(SUPPLIED MATERIAL begins)

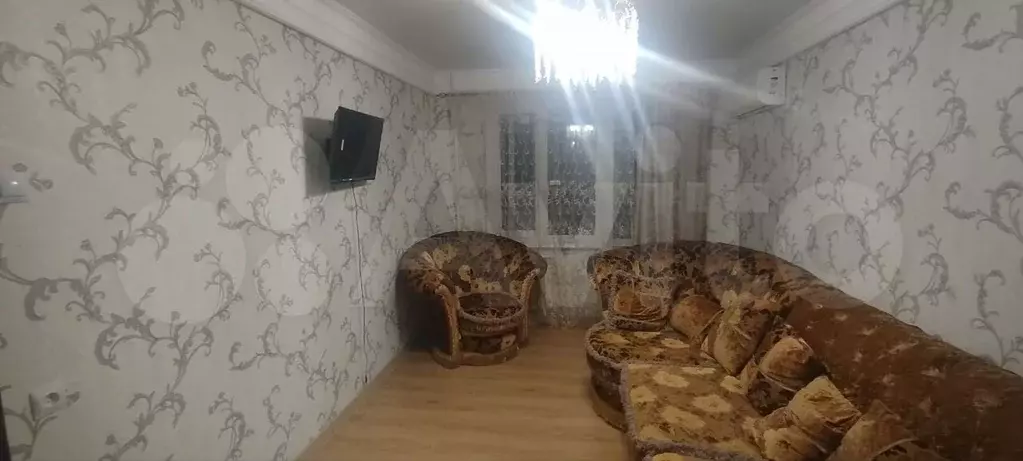 1-к. квартира, 50 м, 9/10 эт. - Фото 0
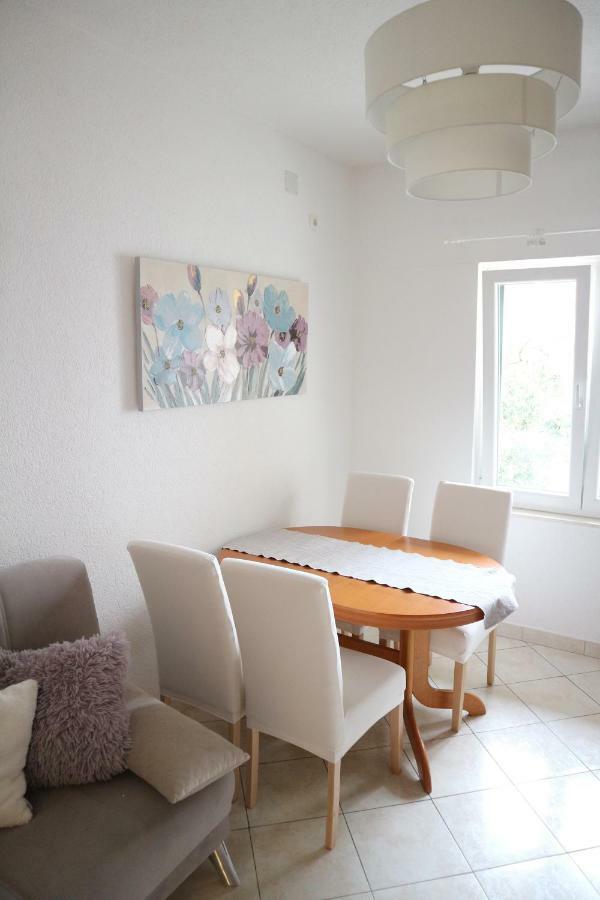 Apartments Keko Primošten Екстериор снимка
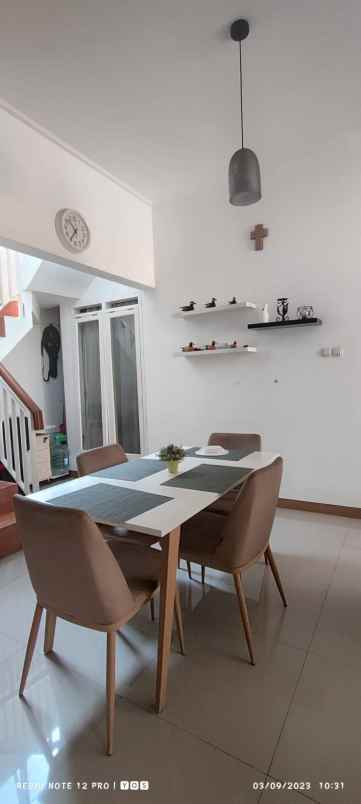 dijual rumah bunisari antapani bandung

(SUPPLIED MATERIAL ends)

TASK TO COMPLETE: Pictures stay out; all other material above is restated word for word.

WRITTEN ANSWER:
 1-к. квартира, 50 м, 9/10 эт. - Фото 0
 Apartments Keko Primošten Екстериор снимка
 dijual rumah bunisari antapani bandung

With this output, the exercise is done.